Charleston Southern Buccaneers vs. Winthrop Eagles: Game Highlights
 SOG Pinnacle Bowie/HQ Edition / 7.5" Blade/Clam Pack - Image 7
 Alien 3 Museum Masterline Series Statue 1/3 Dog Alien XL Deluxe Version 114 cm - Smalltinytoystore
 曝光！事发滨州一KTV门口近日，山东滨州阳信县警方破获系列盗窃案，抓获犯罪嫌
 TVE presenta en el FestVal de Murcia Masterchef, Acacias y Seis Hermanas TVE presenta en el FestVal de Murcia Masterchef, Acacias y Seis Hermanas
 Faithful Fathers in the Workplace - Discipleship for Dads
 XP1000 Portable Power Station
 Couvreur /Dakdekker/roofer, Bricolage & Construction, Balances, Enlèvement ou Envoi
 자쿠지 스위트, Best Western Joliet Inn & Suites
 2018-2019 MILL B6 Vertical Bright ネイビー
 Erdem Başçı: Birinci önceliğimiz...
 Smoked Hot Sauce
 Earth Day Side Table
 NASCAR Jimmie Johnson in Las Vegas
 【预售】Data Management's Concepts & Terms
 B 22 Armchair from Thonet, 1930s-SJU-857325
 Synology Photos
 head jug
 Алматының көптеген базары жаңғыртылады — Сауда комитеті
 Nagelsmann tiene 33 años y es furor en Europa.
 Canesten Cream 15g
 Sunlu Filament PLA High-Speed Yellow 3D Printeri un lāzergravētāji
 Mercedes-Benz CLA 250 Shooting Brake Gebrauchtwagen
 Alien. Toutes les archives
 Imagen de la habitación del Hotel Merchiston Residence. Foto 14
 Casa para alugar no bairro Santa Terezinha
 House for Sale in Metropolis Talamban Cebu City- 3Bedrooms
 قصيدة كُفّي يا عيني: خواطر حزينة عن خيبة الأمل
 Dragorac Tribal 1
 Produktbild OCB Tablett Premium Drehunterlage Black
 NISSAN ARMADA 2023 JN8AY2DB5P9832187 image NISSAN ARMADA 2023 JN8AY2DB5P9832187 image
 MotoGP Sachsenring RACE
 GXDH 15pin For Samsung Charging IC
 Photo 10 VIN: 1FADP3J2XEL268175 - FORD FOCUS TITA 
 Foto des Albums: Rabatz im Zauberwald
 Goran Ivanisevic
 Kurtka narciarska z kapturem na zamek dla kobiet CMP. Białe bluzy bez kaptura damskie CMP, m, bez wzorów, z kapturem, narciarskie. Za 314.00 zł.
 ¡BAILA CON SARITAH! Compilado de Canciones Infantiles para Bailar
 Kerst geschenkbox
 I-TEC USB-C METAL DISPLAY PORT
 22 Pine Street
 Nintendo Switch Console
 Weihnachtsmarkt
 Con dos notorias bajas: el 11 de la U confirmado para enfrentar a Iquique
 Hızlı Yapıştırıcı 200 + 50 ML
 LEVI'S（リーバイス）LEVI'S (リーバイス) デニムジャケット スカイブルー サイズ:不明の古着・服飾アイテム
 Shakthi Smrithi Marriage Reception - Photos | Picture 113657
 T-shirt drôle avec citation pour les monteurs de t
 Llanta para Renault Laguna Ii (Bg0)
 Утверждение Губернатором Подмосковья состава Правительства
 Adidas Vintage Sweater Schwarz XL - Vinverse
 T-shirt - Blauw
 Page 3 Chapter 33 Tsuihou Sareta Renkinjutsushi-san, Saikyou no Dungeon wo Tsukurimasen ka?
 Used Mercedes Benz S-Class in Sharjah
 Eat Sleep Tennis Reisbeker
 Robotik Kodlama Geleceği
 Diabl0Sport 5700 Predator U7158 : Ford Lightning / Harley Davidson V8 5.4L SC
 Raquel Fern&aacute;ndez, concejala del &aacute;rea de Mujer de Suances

§

• **YOUR INSTRUCTIONS**
Print out every record, character for character.

• **SOLUTION TO THE PROBLEM**
Charleston Southern Buccaneers vs. Winthrop Eagles: Game Highlights
 SOG Pinnacle Bowie/HQ Edition / 7.5" Blade/Clam Pack - Image 7
 Alien 3 Museum Masterline Series Statue 1/3 Dog Alien XL Deluxe Version 114 cm - Smalltinytoystore
 曝光！事发滨州一KTV门口近日，山东滨州阳信县警方破获系列盗窃案，抓获犯罪嫌
 TVE presenta en el FestVal de Murcia Masterchef, Acacias y Seis Hermanas TVE presenta en el FestVal de Murcia Masterchef, Acacias y Seis Hermanas
 Faithful Fathers in the Workplace - Discipleship for Dads
 XP1000 Portable Power Station
 Couvreur /Dakdekker/roofer, Bricolage & Construction, Balances, Enlèvement ou Envoi
 자쿠지 스위트, Best Western Joliet Inn & Suites
 2018-2019 MILL B6 Vertical Bright ネイビー
 Erdem Başçı: Birinci önceliğimiz...
 Smoked Hot Sauce
 Earth Day Side Table
 NASCAR Jimmie Johnson in Las Vegas
 【预售】Data Management's Concepts & Terms
 B 22 Armchair from Thonet, 1930s-SJU-857325
 Synology Photos
 head jug
 Алматының көптеген базары жаңғыртылады — Сауда комитеті
 Nagelsmann tiene 33 años y es furor en Europa.
 Canesten Cream 15g
 Sunlu Filament PLA High-Speed Yellow 3D Printeri un lāzergravētāji
 Mercedes-Benz CLA 250 Shooting Brake Gebrauchtwagen
 Alien. Toutes les archives
 Imagen de la habitación del Hotel Merchiston Residence. Foto 14
 Casa para alugar no bairro Santa Terezinha
 House for Sale in Metropolis Talamban Cebu City- 3Bedrooms
 قصيدة كُفّي يا عيني: خواطر حزينة عن خيبة الأمل
 Dragorac Tribal 1
 Produktbild OCB Tablett Premium Drehunterlage Black
 NISSAN ARMADA 2023 JN8AY2DB5P9832187 image NISSAN ARMADA 2023 JN8AY2DB5P9832187 image
 MotoGP Sachsenring RACE
 GXDH 15pin For Samsung Charging IC
 Photo 10 VIN: 1FADP3J2XEL268175 - FORD FOCUS TITA 
 Foto des Albums: Rabatz im Zauberwald
 Goran Ivanisevic
 Kurtka narciarska z kapturem na zamek dla kobiet CMP. Białe bluzy bez kaptura damskie CMP, m, bez wzorów, z kapturem, narciarskie. Za 314.00 zł.
 ¡BAILA CON SARITAH! Compilado de Canciones Infantiles para Bailar
 Kerst geschenkbox
 I-TEC USB-C METAL DISPLAY PORT
 22 Pine Street
 Nintendo Switch Console
 Weihnachtsmarkt
 Con dos notorias bajas: el 11 de la U confirmado para enfrentar a Iquique
 Hızlı Yapıştırıcı 200 + 50 ML
 LEVI'S（リーバイス）LEVI'S (リーバイス) デニムジャケット スカイブルー サイズ:不明の古着・服飾アイテム
 Shakthi Smrithi Marriage Reception - Photos | Picture 113657
 T-shirt drôle avec citation pour les monteurs de t
 Llanta para Renault Laguna Ii (Bg0)
 Утверждение Губернатором Подмосковья состава Правительства
 Adidas Vintage Sweater Schwarz XL - Vinverse
 T-shirt - Blauw
 Page 3 Chapter 33 Tsuihou Sareta Renkinjutsushi-san, Saikyou no Dungeon wo Tsukurimasen ka?
 Used Mercedes Benz S-Class in Sharjah
 Eat Sleep Tennis Reisbeker
 Robotik Kodlama Geleceği
 Diabl0Sport 5700 Predator U7158 : Ford Lightning / Harley Davidson V8 5.4L SC
 Raquel Fern&aacute;ndez, concejala del &aacute;rea de Mujer de Suances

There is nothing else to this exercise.